Bill Gates’s hot book picks of 2017
The world’s second
richest man reads about 50 books a year, but few make it to his annual
shortlist. Here are his five favourites
ENERGY AND CIVILIZATION: A
HISTORY by Vaclav Smil
Gates has read nearly all of Smil’s 37 books,
including his latest one, which makes the case that energy consumption and
economic growth are undeniably linked.
The book explores how energy — from donkey-powered
mills to renewable power sources — has shaped societies throughout history.
“Yes, our history has a lot to do with kings and
queens and games of thrones,” Gates wrote on his blog. “Smil shows that it has
even more to do with energy innovation.”
THE SYMPATHIZER by Viet Thanh
Nguyen
Nguyen’s Pulitzer-winning, historical fiction novel
is about a Vietnamese double agent who spies on a refugee community in Los
Angeles on behalf of the North Vietnamese government.
The book offers insight into what it was like to be
caught between the two sides of the Vietnam War, according to Gates.
“Nguyen doesn’t shy away from how traumatic the
Vietnam War was for everyone involved. Nor does he pass judgment about where
his narrator’s loyalties should lie.

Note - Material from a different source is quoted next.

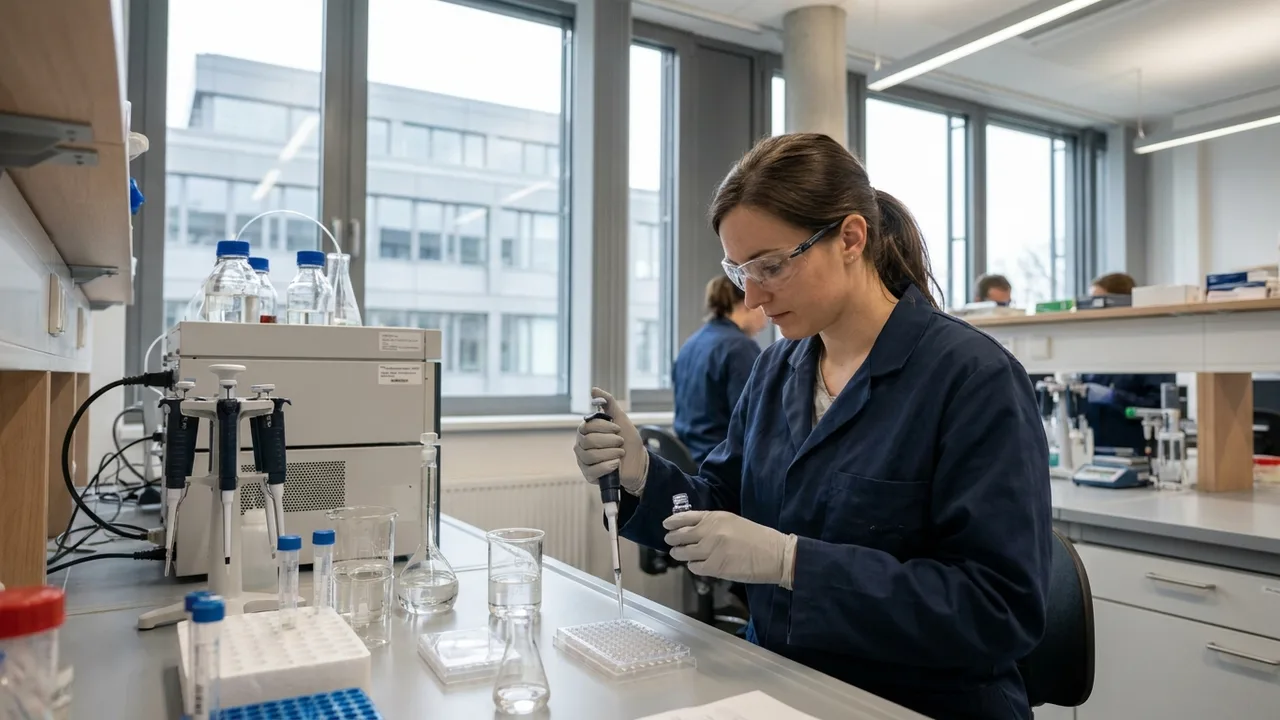 Laborantin bei der Analyse von Proben im Chemielabor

Most war stories are clear about which
side you should root for – The Sympathizer doesn’t let the
reader off the hook so easily,” he wrote.
BELIEVE ME: A MEMOIR OF LOVE,
DEATH, AND JAZZ CHICKENS by Eddie Izzard
In this memoir, Izzard writes about how he worked
through his childhood struggles, learned new skills, and became a worldrenowned
comedian, actor, writer, runner, and activist. Gates said he connected with
Izzard even though it would appear they have nothing in common. But that might
be the very point the author is trying to communicate, Gates noted.
“I’ve recently discovered that I have a lot in common
with a funny, dyslexic, transgender actor, comedian, escape artist, unicyclist,
ultra-marathoner, and pilot from Great Britain. Except all of the above,” Gates
said. “We’re all cut from the same cloth. In his words, ‘We are all totally
different, but we are all exactly the same.’”
EVICTED: POVERTY AND PROFIT IN
THE AMERICAN CITY by Matthew Desmond
Gates called this book a “searing portrait of
American poverty.” Desmond, a sociologist at Princeton University, spent 18
months living in two highpoverty neighbourhoods in Milwaukee, Wisconsin — one
mostly white, the other mostly black — and documented the lives of residents,
including landlords and renters.
Gates said it was easy to empathise with the
subjects, since Desmond helps you understand why they make their choices.
THE BEST WE COULD DO by Thi Bui
This autobiographical graphic novel follows the
daughter of Vietnamese refugees who came to the United States after the fall of
Saigon in 1975. She learns a heartbreaking truth about the sacrifices her
parents made for her and her siblings, as well as the turmoil created by French
and American occupation in Vietnam. “I thought she did a great job capturing
how daunting it feels to be responsible for your family,” Gates wrote.